The topic for this documentary are the Shakers, more properly the “United Society of Believers in Christ’s Second Appearing.” The Shakers weren’t around that long: they were celibate, which meant no offspring. However, as the film explores, that didn’t stop them from having a profound impact on American life (they were, for instance, feminist and anti-slavery well ahead of the game).
A mono soundtrack. Though it might have been nice to hear the Shaker songs in stereo, the sound is still very clean, and without distortion. As with The Congress (another recent release in the series), the idea here is to convey information and ideas, not jolt us out of our seats, so the absence of stereo is not a huge deal.

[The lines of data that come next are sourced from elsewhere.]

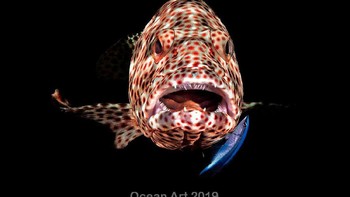 Jawara kategori Compact Behavior diraih  Ferenc Lorincz. Lokasi:  Laut Merah, Mesir. Perlengkapan:  Nikon Coolpix P7000 Camera, Fantasea Housing, Fantasea Big Eye Wet Lens, Intova ISS 4000 Flash. Foto: Ocean Art Underwater Photo 2019
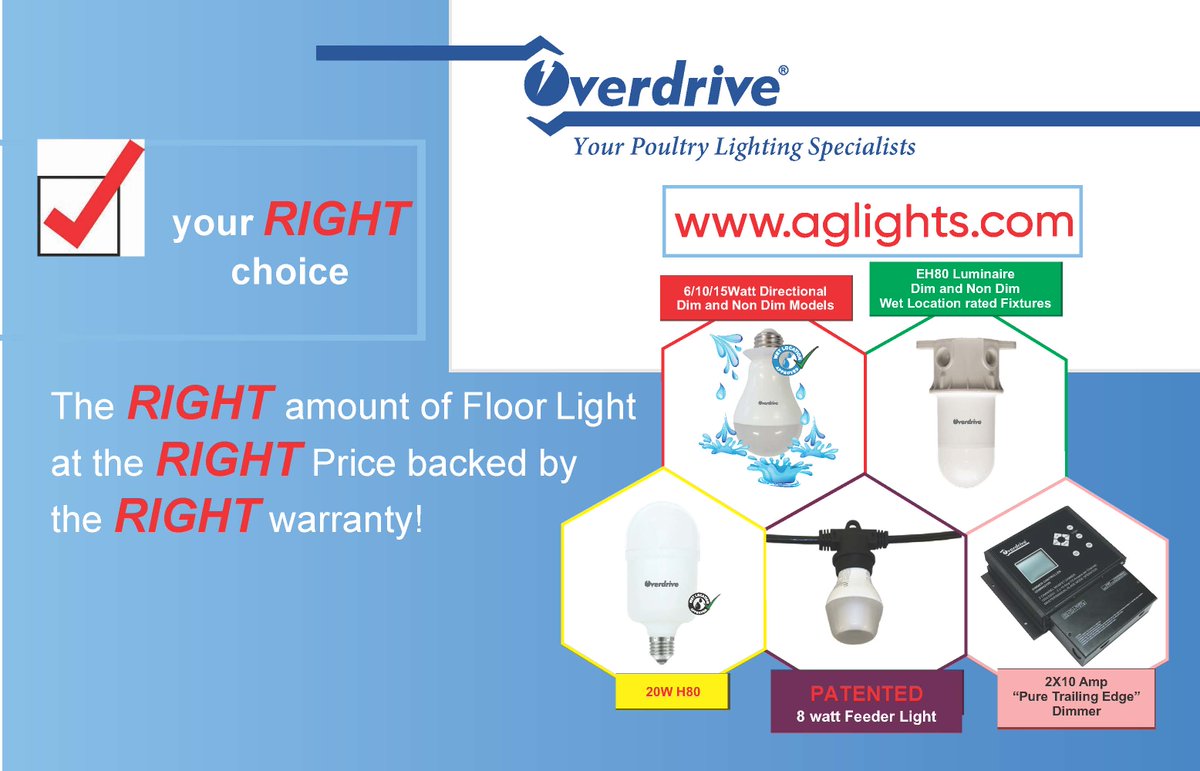 Poultry Times tweet media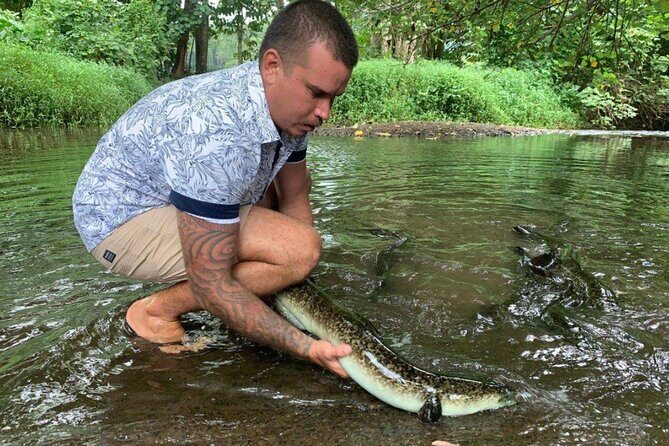 4x4 Moorea Safari Tours : Private tours - Key Points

The picture is fullscreen (naturally), but the picture quality is not as good as that of The Congress. Many of the exterior shots are distractingly grainy, detracting from otherwise lovely composition and soft, misty colours. In other respects, the picture isn’t bad, depending again on the state of the source material.
The extras are identical to those on the other discs in the Ken Burns’ America series: a brief featurette on the how Burns goes about making his documentaries (nice stuff on how he listens toa photograph, determining what sound effects should accompany the picture in the finished documentary), and a longer interview with him, where he expounds on the hows and whys of his approach. The menu is basic.
This is certainly not a topic about which I have given much thought, but Burns, as ever,makes the subject fascinating.